AverAzure stack previously proved working on: - Local (Podman on Fedora) via docker compose - VPS (real Docker alongside Coolify) via docker compose

Goal today: deploy the same stack on genuine Azure infrastructure — two Azure VMs in a Docker Swarm cluster behind a VNet with NSG rules.

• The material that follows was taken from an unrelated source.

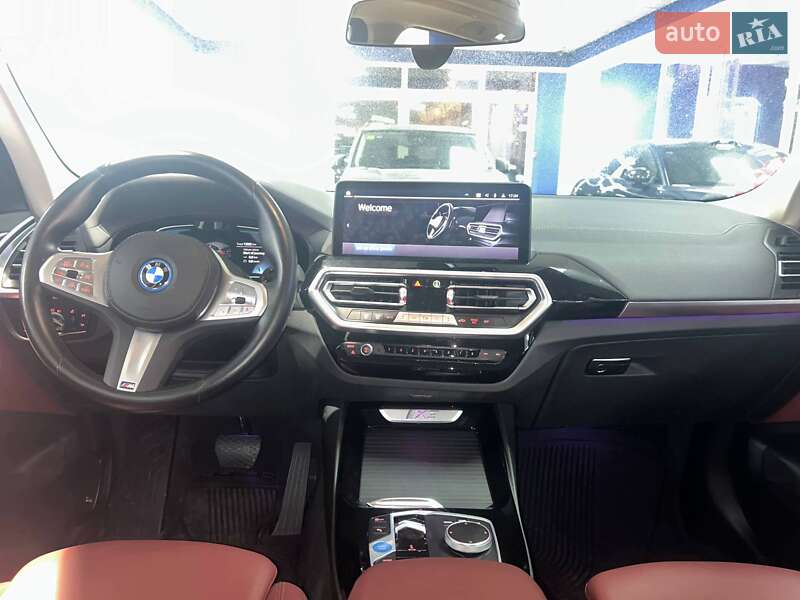 Внедорожник / Кроссовер BMW iX3 2023 в Днепре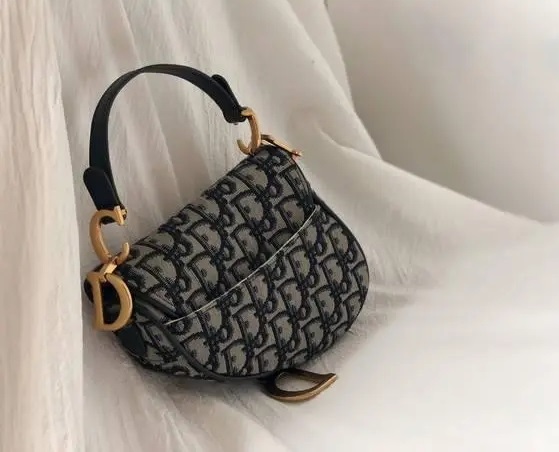 包包回收，成都典當(dāng)行，馬鞍包回收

This is the final piece of the Azure learning plan.

VPS was restored from backup at the start of the session (broken from previous Swarm experiments).


Concepts covered before touching the portal

Docker Swarm network layers (three separate networks, three separate jobs)

ingress network - Hosts Docker's IPVS load balancer - Owns published ports (8080, 15672, 5341, 8081) - When you curl any node on port 8080, IPVS intercepts and routes to whichever container holds a replica — even if that container is on a different VM - This is Swarm's routing mesh — hit any node, reach any service

docker_gwbridge - A virtual Ethernet bridge that lives on each VM - Connects the ingress mesh to containers via veth pairs (virtual cables in the kernel) - Once IPVS picks a node, gwbridge hands the packet into the container's network namespace via the container's eth0 - This is why ASPNETCORE_URLS must be http://0.0.0.0:8080 not http://+:8080 — gwbridge is IPv4 only, Kestrel must match

overlay network (aver-overlay) - Spans both VMs — a flat virtual network for container-to-container traffic - Each container gets its own IP from the Swarm pool (10.20.0.0/16): api=10.20.0.4, rabbitmq=10.20.1.6, seq=10.20.2.5 - Your code says rabbitmq:5672 — Swarm resolves the name to the container IP - Packet gets wrapped in VXLAN UDP (port 4789) using the VM IPs as the outer envelope - Ships across the Azure VNet to the other VM, gets unwrapped, delivered to the container - Without overlay: containers share the VM's IP, can't be addressed individually, you'd hardcode VM IPs everywhere

Why you need NSG rules even though overlay handles container traffic

NSG operates at the VM level. The overlay rides on top of it. VXLAN packets travel between VMs as UDP 4789 using the VM IPs — NSG sees these. If NSG blocks UDP 4789, the VXLAN tunnel never forms and containers can't find each other across VMs.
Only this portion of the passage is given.